* Required action
List all the lines in these records that hold "Used".

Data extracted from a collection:
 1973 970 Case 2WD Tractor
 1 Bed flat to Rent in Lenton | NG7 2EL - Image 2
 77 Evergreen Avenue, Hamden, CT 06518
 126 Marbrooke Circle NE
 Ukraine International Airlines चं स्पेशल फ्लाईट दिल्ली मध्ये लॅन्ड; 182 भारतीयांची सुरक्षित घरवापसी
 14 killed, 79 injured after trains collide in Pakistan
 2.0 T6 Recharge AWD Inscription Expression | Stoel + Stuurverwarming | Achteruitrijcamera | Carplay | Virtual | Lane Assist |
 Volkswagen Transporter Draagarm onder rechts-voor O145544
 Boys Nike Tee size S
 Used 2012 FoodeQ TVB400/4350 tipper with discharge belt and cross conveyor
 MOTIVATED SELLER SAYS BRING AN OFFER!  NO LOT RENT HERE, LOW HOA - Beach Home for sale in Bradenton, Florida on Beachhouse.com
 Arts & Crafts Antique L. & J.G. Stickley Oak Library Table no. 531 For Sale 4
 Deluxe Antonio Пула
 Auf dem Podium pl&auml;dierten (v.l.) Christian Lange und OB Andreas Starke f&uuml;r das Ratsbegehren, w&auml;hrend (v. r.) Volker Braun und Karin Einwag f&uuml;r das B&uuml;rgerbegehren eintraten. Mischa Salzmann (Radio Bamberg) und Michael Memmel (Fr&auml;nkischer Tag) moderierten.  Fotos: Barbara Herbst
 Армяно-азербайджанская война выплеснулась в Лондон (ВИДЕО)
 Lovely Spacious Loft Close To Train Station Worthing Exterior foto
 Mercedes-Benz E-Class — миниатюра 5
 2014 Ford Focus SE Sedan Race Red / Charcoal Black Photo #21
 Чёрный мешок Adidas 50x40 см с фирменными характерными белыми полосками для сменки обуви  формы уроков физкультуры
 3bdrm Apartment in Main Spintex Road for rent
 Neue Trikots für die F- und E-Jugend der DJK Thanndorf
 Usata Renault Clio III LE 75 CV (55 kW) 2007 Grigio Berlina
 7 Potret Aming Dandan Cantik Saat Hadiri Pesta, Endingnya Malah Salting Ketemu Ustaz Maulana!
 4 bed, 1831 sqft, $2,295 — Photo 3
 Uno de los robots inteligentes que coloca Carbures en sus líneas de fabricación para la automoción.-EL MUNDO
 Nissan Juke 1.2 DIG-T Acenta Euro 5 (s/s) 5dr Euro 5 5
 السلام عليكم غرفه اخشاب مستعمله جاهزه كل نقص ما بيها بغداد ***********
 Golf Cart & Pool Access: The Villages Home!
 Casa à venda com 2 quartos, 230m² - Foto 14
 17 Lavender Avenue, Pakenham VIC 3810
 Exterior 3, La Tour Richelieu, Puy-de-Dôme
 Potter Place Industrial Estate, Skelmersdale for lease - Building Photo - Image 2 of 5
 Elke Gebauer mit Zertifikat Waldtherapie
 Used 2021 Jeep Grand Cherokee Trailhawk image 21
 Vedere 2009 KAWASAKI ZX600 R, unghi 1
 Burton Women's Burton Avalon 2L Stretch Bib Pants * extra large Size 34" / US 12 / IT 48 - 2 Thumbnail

* Response area
 Used 2012 FoodeQ TVB400/4350 tipper with discharge belt and cross conveyor
 Used 2021 Jeep Grand Cherokee Trailhawk image 21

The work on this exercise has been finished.